# Engines 1.9 TD versus 2.0 JD (Bessacarr 435)



## 88967 (May 11, 2005)

I have been informed that the later engine is far more poweful , equivalent to almost a 2.5 TD (in old money !! ). 
Can any kind diesel " Ace" shed light on this topic before I let go some of my hard earned Pension, buying the Bessacarr. 
The 1.9 was rugged enuf, if a litlle underpowered, for what I lug about.
Have also heard stories about the problem of starting the later engine.. !!

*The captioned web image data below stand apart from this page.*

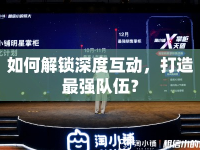 如何解鎖深度互動(dòng)，打造最強(qiáng)隊(duì)伍？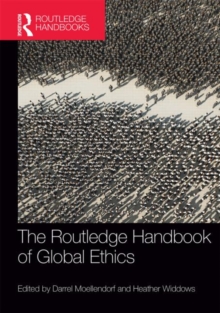 The Routledge Handbook of Global Ethics, Hardback Book The Routledge Handbook of Global Ethics, Hardback Book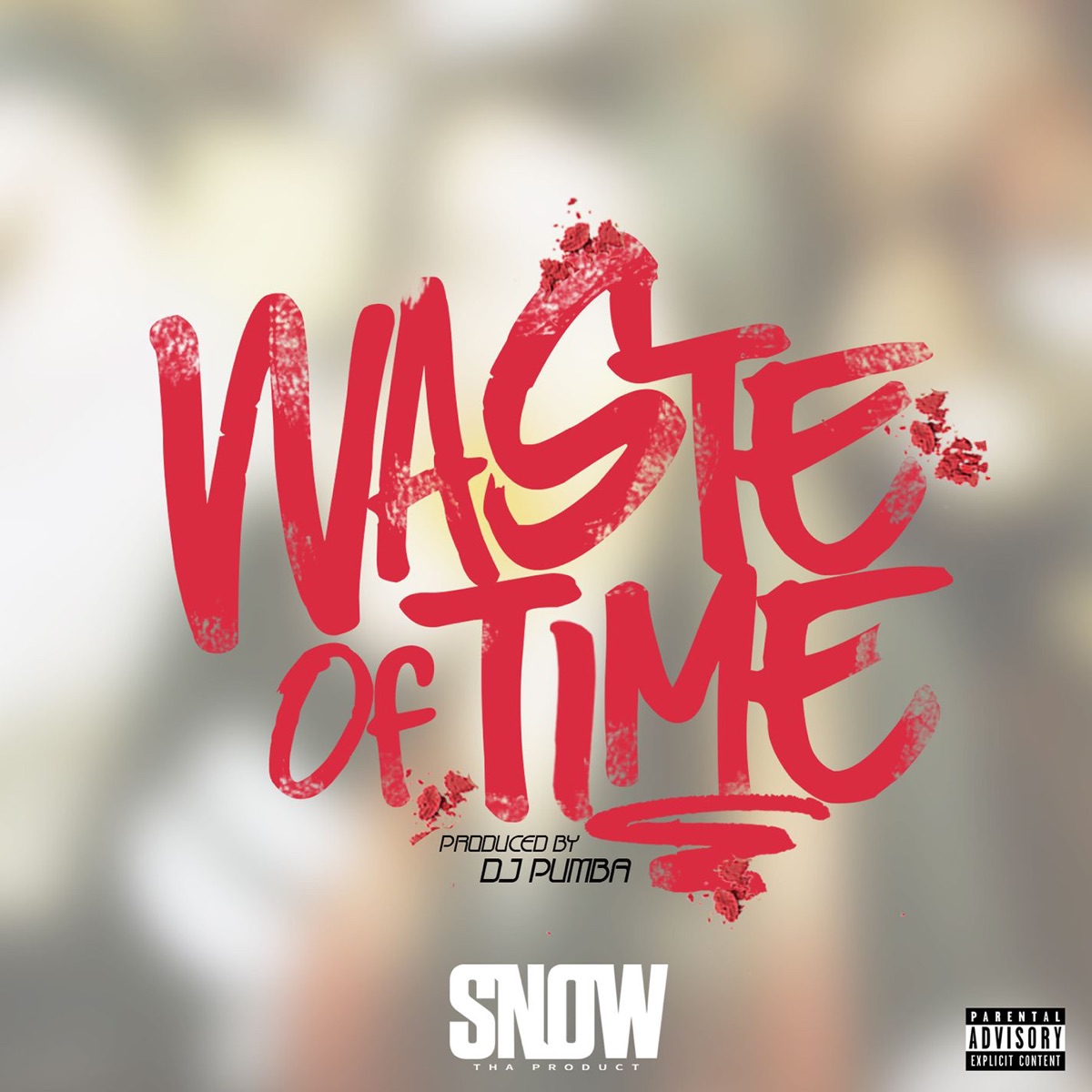 Waste of Time - Single by Snow Tha Product album cover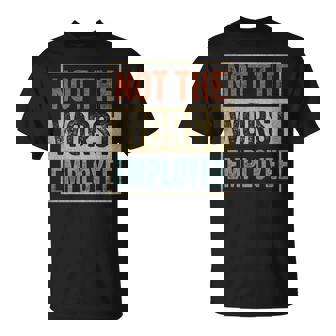 Not The Worst Employee Job Retro Sarcastic Recognition Work T-Shirt - Monsterry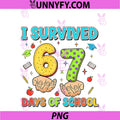 I Survived 67 Days Of School PNG, Funny Six Seven 6 7 Meme Z Gen PNG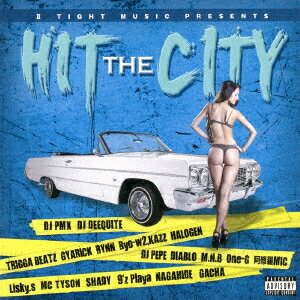 2 TIGHT MUSIC PRESENTS HIT THE CITY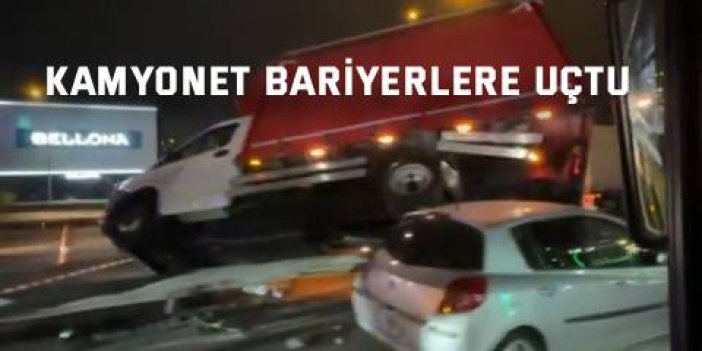 Kamyonet bariyerlere uçtu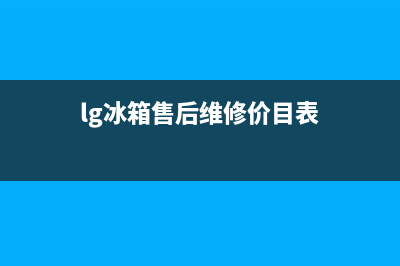 LG冰箱售后维修点查询2023已更新(每日(lg冰箱售后维修价目表)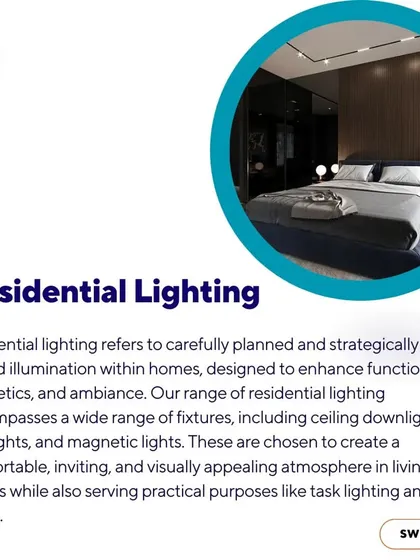 For residential spaces, we offer a wide range of fixtures including ceiling downlights, spotlights, and magnetic lights. Our goal is to create a comfortable, inviting, and visually appealing atmosphere that enhances both the functionality and aesthetics of your home.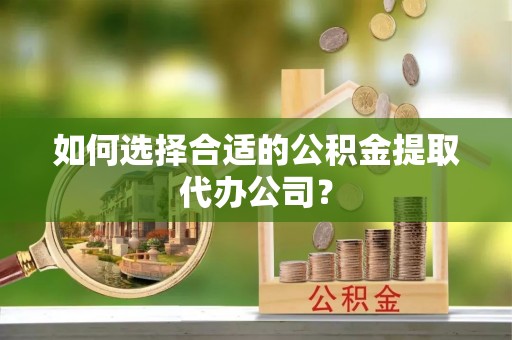 大姚如何选择合适的公积金提取代办公司？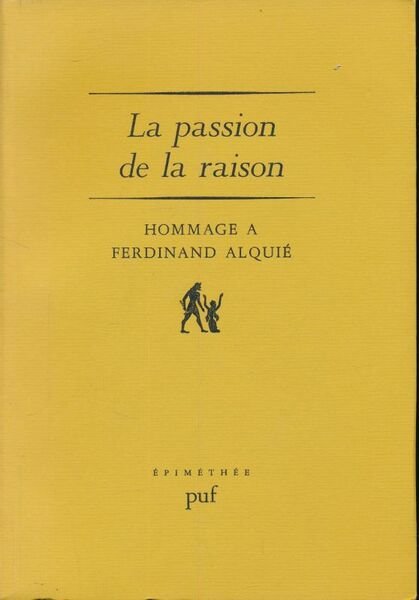 La passion de la raison. Hommage à Ferdinand Alquié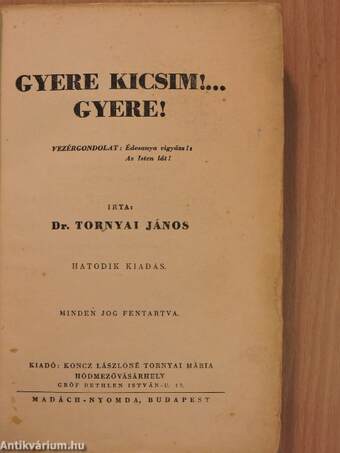 Gyere kicsim!... Gyere!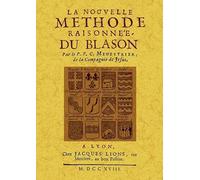 La Nouvelle Methode Raisonnee du Blason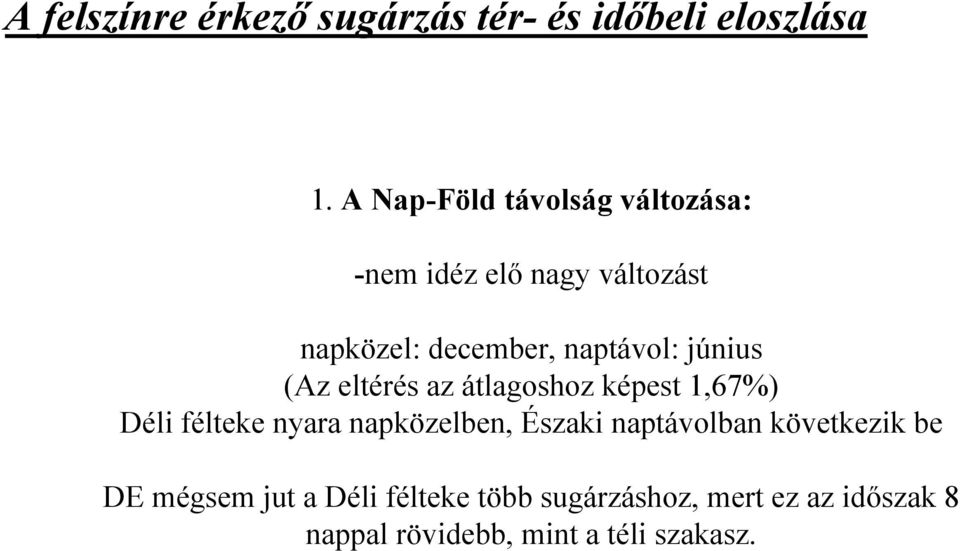 június (Az eltérés az átlagoshoz képest 1,67%) Déli félteke nyara napközelben, Északi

Help and advice would be appreciated..
Regards Graham & Judith


----------



## 88741 (May 9, 2005)

I have got a 2litre JTD engine and have no starting problems what so ever, she always fires up first time. Find it plenty powerful enough for my van, which is only a 2 berth 5.3m Fiat but she sails along the motorway,
OK I agree it is not the fastest acceleration for overtaking on ordinary roads, but you come to live with this I have found.


----------



## Pusser (May 9, 2005)

I have a 1.9TD and was quite suprised at the performance.No trouble getting mine going, always first time but even so, I don't know the answer. Have to wait for a guru. I do sometimes hear the turbo which sounds like an irrate policecar coming up from behind which would never be a suprise to me if it did.


----------



## nobbythehobby (May 9, 2005)

I find the biggest advantage of the new common rail engines is that they are very much quieter in cab - important in a motorhome.

Other people's views are interesting but have you tried both engines to compare?

nth


----------



## Boff (May 10, 2005)

GraNJud said:


> I have been informed that the later engine is far more poweful , equivalent to almost a 2.5 TD (in old money !! ).
> Can any kind diesel " Ace" shed light on this topic before I let go some of my hard earned Pension, buying the Bessacarr.


Hi Graham and Judith,

as far as I can see from their web site the Bessacarr 435 is a C-class with an MTPLA of 3.4 tons and a length of over 6 metres.

For such a van I would consider _both_ mentioned engines as underpowered, but at least the 1.9TD definitely is. I once had it in a rental van (also C-class, but only 3.0 tons MTPLA and 5.5 metres) and already there the lack of power was more than a nuisance. Setting it in motion even on level ground was only possible with heavily grinding clutch and almost floored throttle.

A van of this size and weight should have at least the 2.3JTD, if not the 2.8 in my opinion. But if there is no other choice for you, then take at least the 2.0JTD. The difference in noise level is also very much in favour of the JTD.

There are no specific issues known regarding starting a JTD. Mine (OK, it's the 2.8JTD) always starts at first try.

Best Regards,
Gerhard


----------



## 89088 (May 13, 2005)

Hello Granjud, the 2.0JTD produces 84bhp. I run a vehicle with the Peugeot 1.9TD and this produces 92bhp. The 2.0JTD does not have an intercooler fitted as standard whereas the Peugeot 1.9TD does.

Regards trig


----------



## nobbythehobby (May 9, 2005)

I think BHP figures are largely academic and not especially relevant to a heavy vehicle such as a motorhome ( not even in many cars even though the advertising people love to push high bhp).

If you wish to study performance figures, then a look at torque figures across the rev range will give better indication. Many newer technology engines have a better range of torque than their predecessors, even though their BHP may be lower.

nth


----------